◆ **TASK DETAILS**:
Print every record exactly, omitting all pictures.

◆ **Short web captions**:
******************************

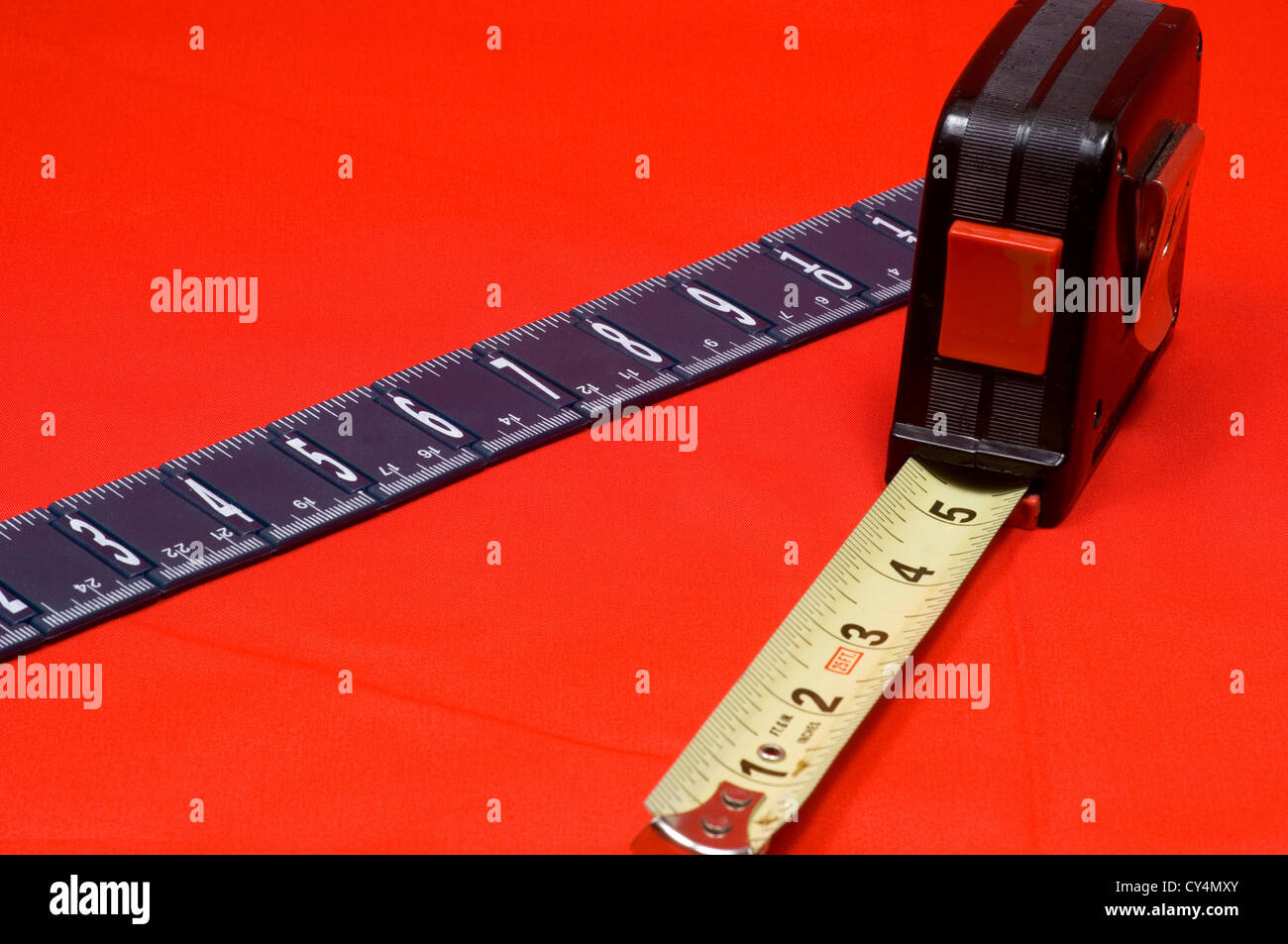 Measuring tape and ruler on red background Stock Photo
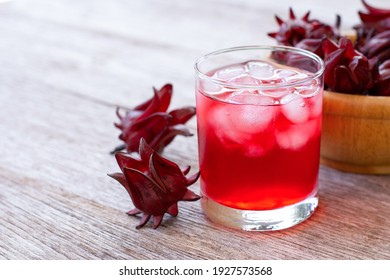 Fresh Roselle flower ( Jamaica sorrel, Rozelle or hibiscus sabdariffa ) and glass of sorrel juice ice tea isolated on wooden table background. 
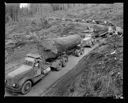 10 log trucks with one log loads, east Fork of Humptulips, 4/22/55, #29171B_1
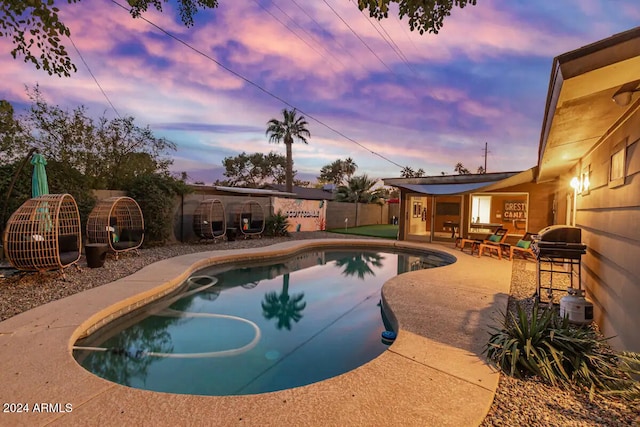 pool at dusk with a patio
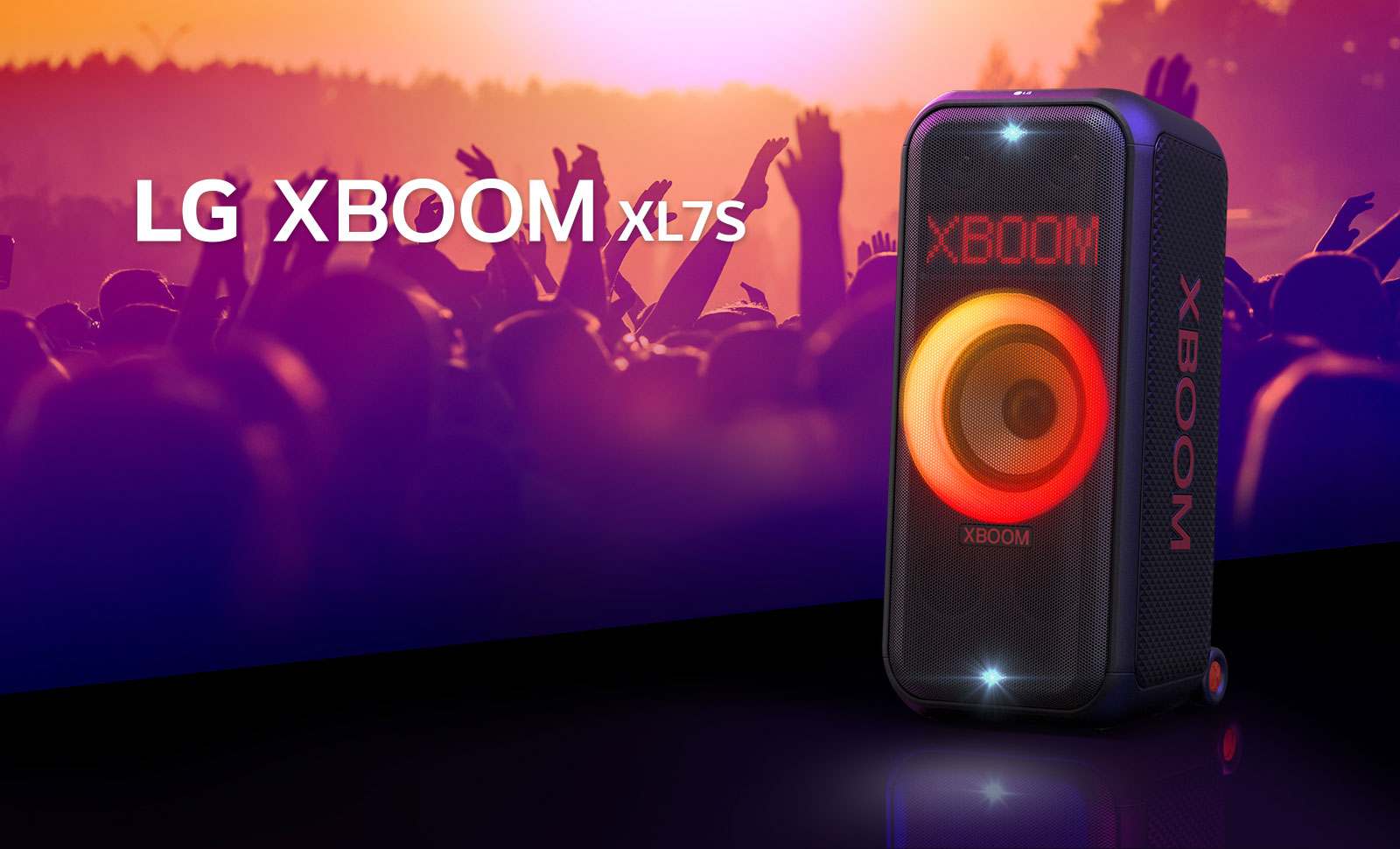 LG XBOOM XL7S được đặt trên sân khấu với đèn chuyển màu từ đỏ sang cam đang sáng. Phía sau sân khấu, mọi người đang thưởng thức âm nhạc.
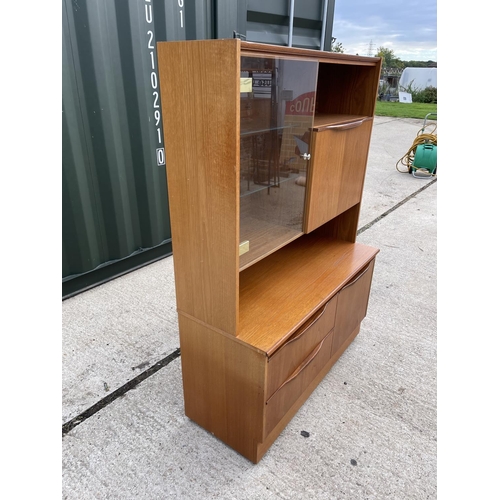 13 - A compact size two section teak cocktail unit with glazed door and shelves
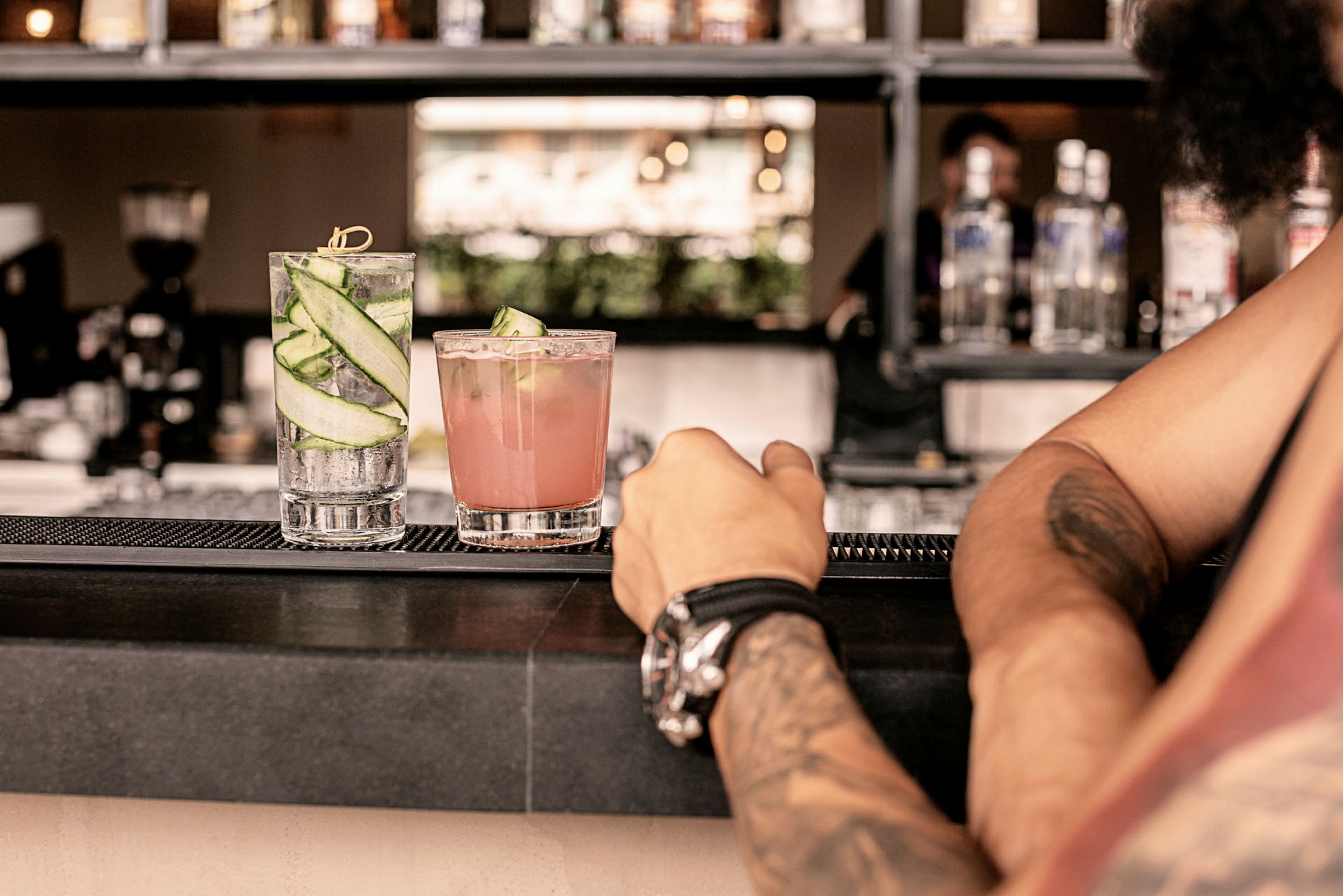 To cocktails på en bardisk, med en persons arm i forgrunden. (AI-genereret tekst)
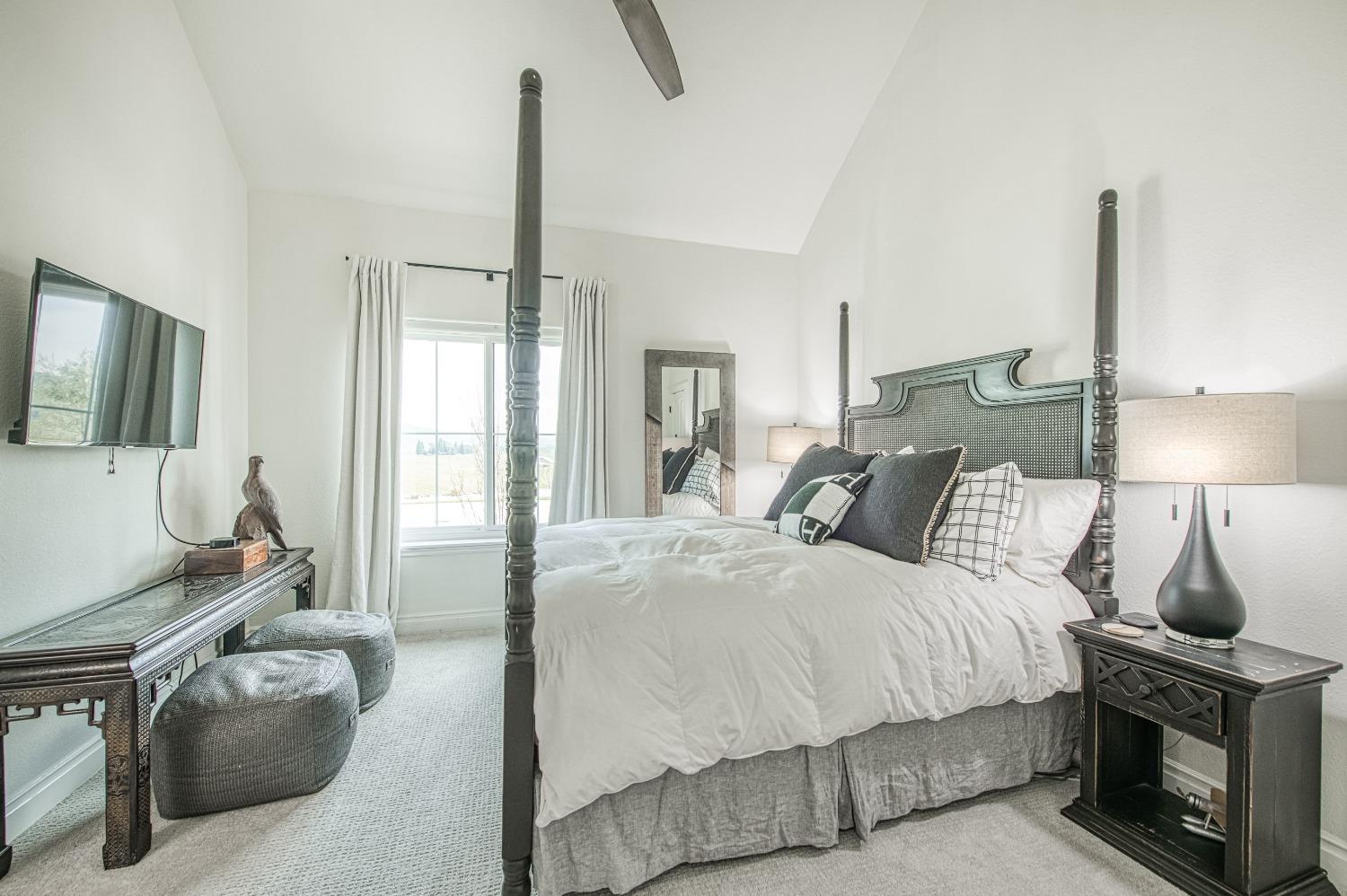 18300 Watts Valley Road Sanger, CA 93657 - Photo 34 of 78 a bedroom with a bed a flat screen tv and next to a window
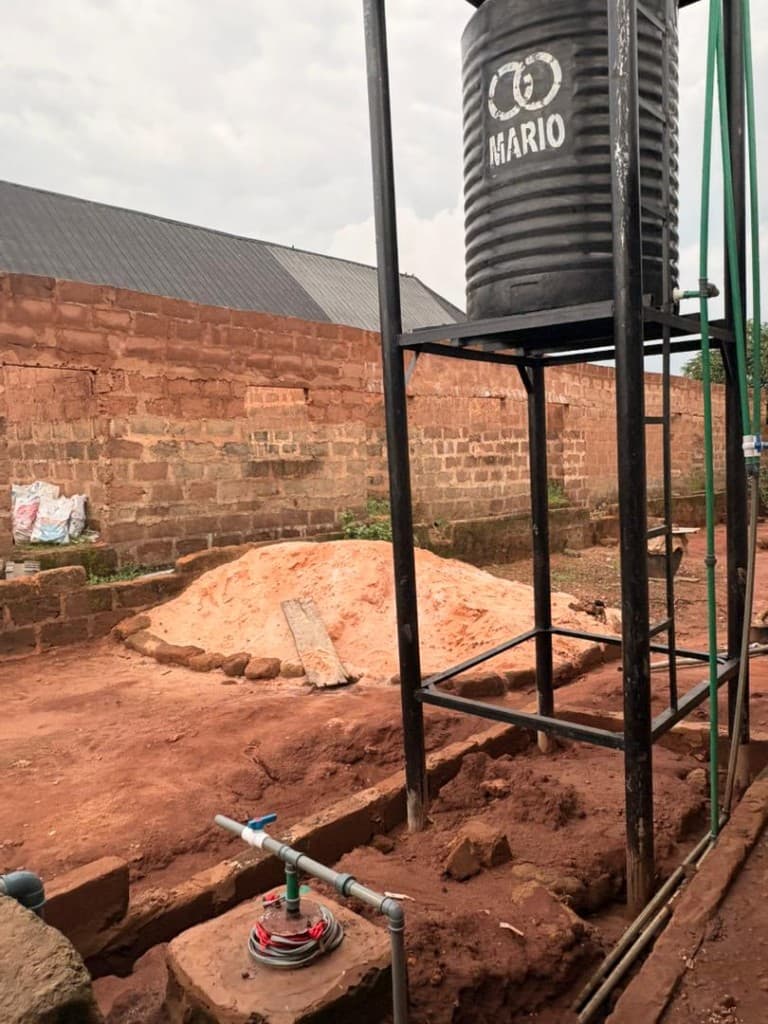 Borehole wellhead and elevated MARIO storage tank on campus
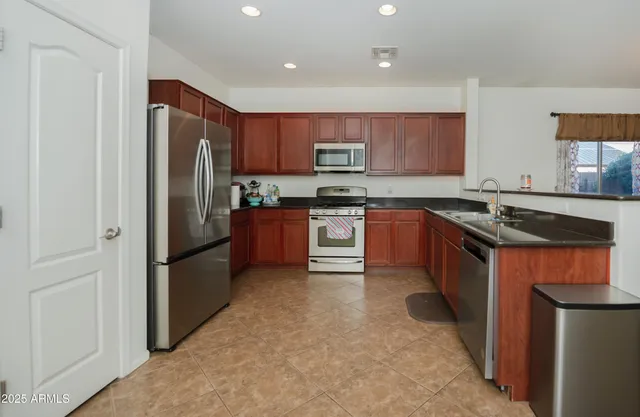 a kitchen with stainless steel appliances granite countertop a refrigerator a sink a stove a microwave and island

******************************

◆ **THE COMPLETED TASK**:
 Measuring tape and ruler on red background Stock Photo
 Fresh Roselle flower ( Jamaica sorrel, Rozelle or hibiscus sabdariffa ) and glass of sorrel juice ice tea isolated on wooden table background. 
 10 log trucks with one log loads, east Fork of Humptulips, 4/22/55, #29171B_1
 pool at dusk with a patio
 LG XBOOM XL7S được đặt trên sân khấu với đèn chuyển màu từ đỏ sang cam đang sáng. Phía sau sân khấu, mọi người đang thưởng thức âm nhạc.
 13 - A compact size two section teak cocktail unit with glazed door and shelves
 To cocktails på en bardisk, med en persons arm i forgrunden. (AI-genereret tekst)
 18300 Watts Valley Road Sanger, CA 93657 - Photo 34 of 78 a bedroom with a bed a flat screen tv and next to a window
 Borehole wellhead and elevated MARIO storage tank on campus
 a kitchen with stainless steel appliances granite countertop a refrigerator a sink a stove a microwave and island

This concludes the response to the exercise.